【新体操】山﨑浩子が語る「フェアリージャパンの育て方」 (3ページ目)

  • 斉藤健仁●取材・文 text by Saito Kenji

 山﨑氏は、年に3度ほど行なっている講習会で基本の大切さを伝えたり、ジュニア選手を強化選手に指定することによって、選手たちの質も徐々に上がってきたという。実際、最近もトライアウトを実施して候補生4人を選出してみると、現メンバーより上手な選手がいたとのこと。「この10年ほど強化を継続したことで、各所属クラブの2~3番手ではなく、トップの選手がトライアウトを受けてくれるようになった」と、山﨑氏は感じている。

 一方、個人総合の強化はどうなのか。山﨑氏は、2012年からジュニアのトップ選手だった皆川夏穂、早川さくらのふたりを強化選手に指定し、個々の強化にも取り組み始めている。「皆川と早川のふたりが団体のメンバーに入るということはありません。彼女らは個人でリオデジャネイロ、東京と2大会連続でオリンピックを狙えるターゲット選手という位置づけです」

 山﨑氏が強化本部長に就任してから、今年でちょうど10年。コーチとしてではなく、新体操全体の責任者として、10年間、どんな思いで強化方針を貫いてきたのか――。

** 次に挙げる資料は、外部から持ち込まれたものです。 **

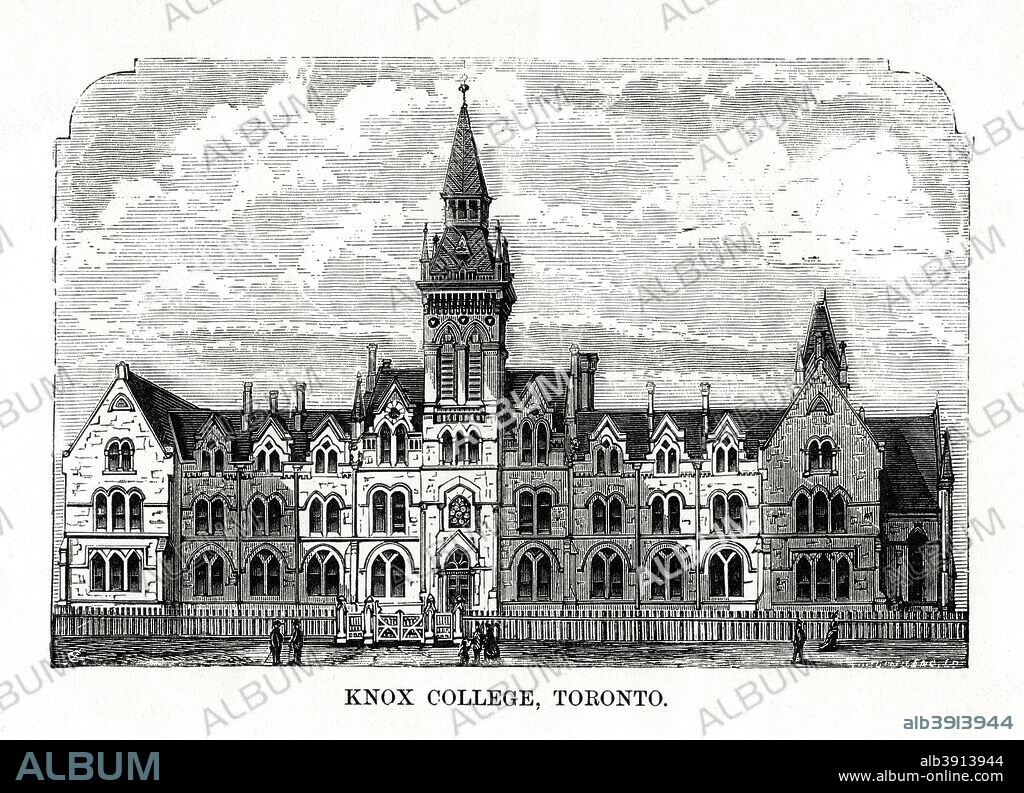 Knox College, Toronto, Ontario, Canada, 19th century. The college, named after Scots theologian John Knox (1514-1572), was founded in 1844.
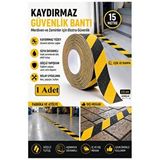 ArtMaster Merdiven Kaydırmaz Bant Sarı Siyah 25mm 1 Adet Mas Güvenlik Uyarı Bandı 15 Metre 2.5 Cm Yapışkanlı Basamak Mermer Beton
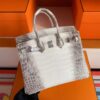 H Factory Bags Birkin Matte Porosus Crocodile Himalaya Silver Hardware 25cm Full Handmade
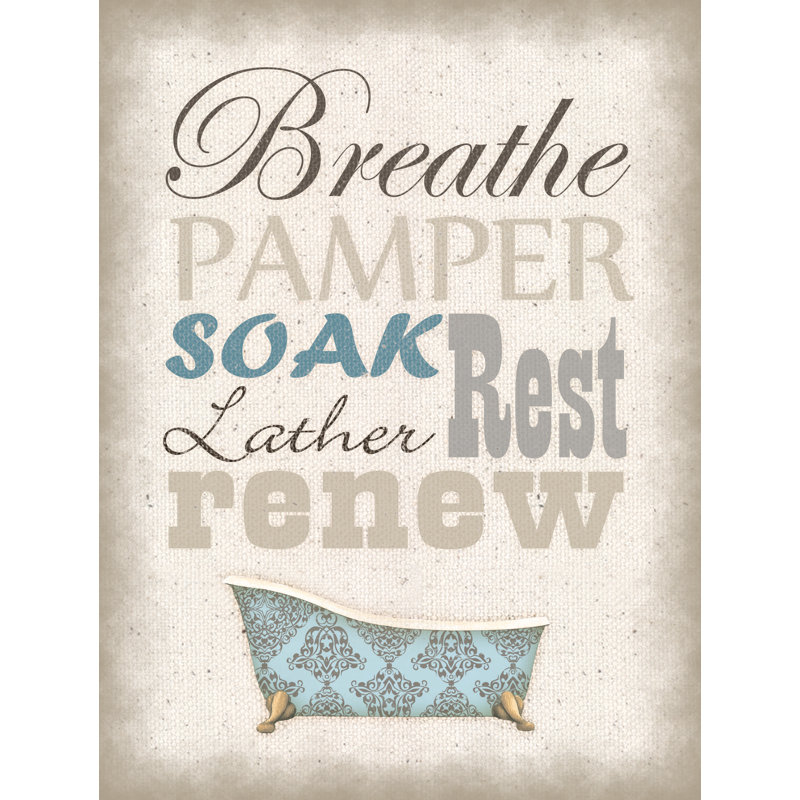 Breathe Bath I - Textual Art Print, 122 cm H x 81 cm W, Wrapped Canvas
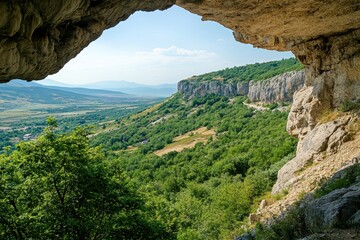 Wall Mural - Cave View Mountain Valley Landscape Panorama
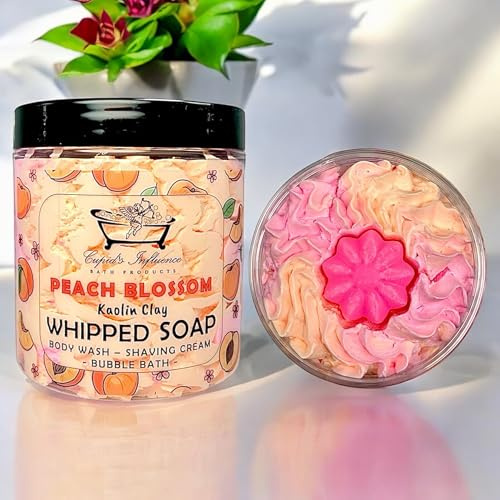 Peach Blossom Whipped Soap | Kaolin Clay Body Wash | Shower Fluff | Luxurious Shaving Foam | Shower Cream | Bubble Bath | Peach Shower Whip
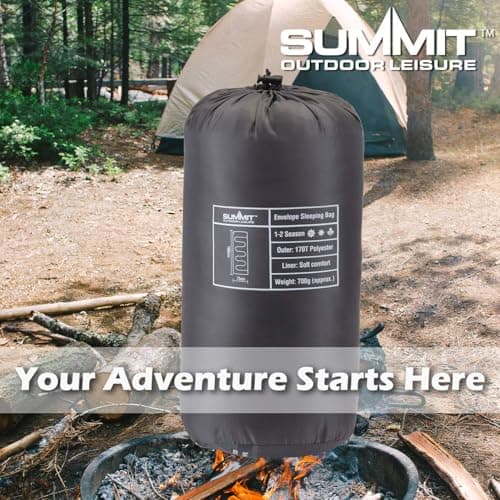 VFM e-Store - Envelope Sleeping Bag Single Stylish, Warm, Easy To Pack Camp Bag Outdoors Camping Hiking Holidays Festivals Travel - Grey Envelope — view 5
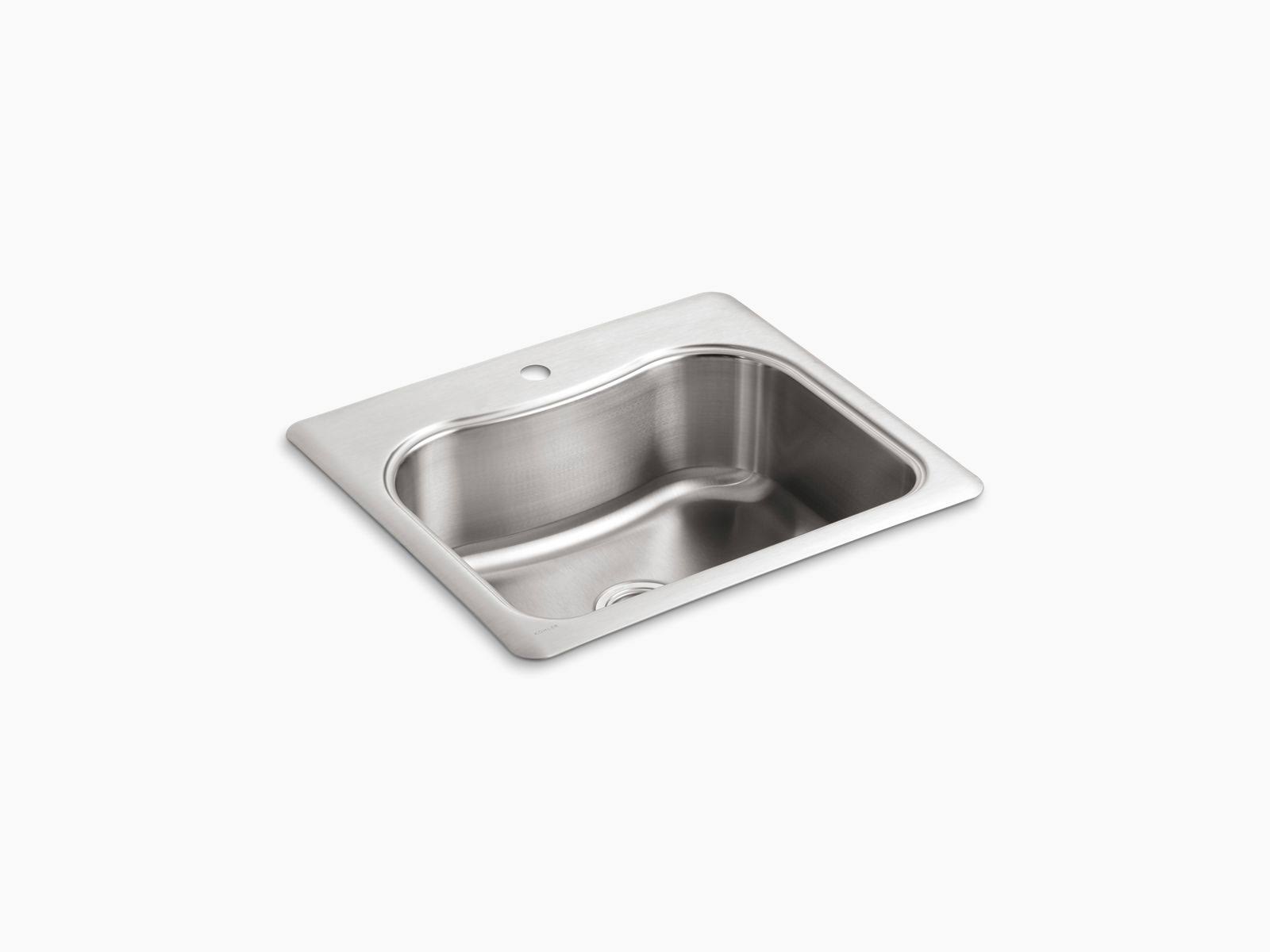 Kohler K-3362-1-NA Stainless Steel Staccato 25x22 Single Basin Top-Mount Kitchen Sink with Single Faucet Hole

「一気に変えることはできず、ちょっとずつしか変えられなかったですね。とにかく、『世界しか見ていません』という立ち位置だけは曲げないようにやってきました。いつも、『これで本当にいいのかな?』と自問自答しつつ、実際にやってみて、『いいみたいだった』の繰り返し……。上位国になるためには、まだ足りないものはありますが、最近成果が出てきて、ようやく、『この方向でいいんだろうな』と思えるようになりましたね」

 試行錯誤しながらも、着実に育成と強化の歩みを進めてきたフェアリージャパン。最後に、今後の新体操に期待することを聞いてみた。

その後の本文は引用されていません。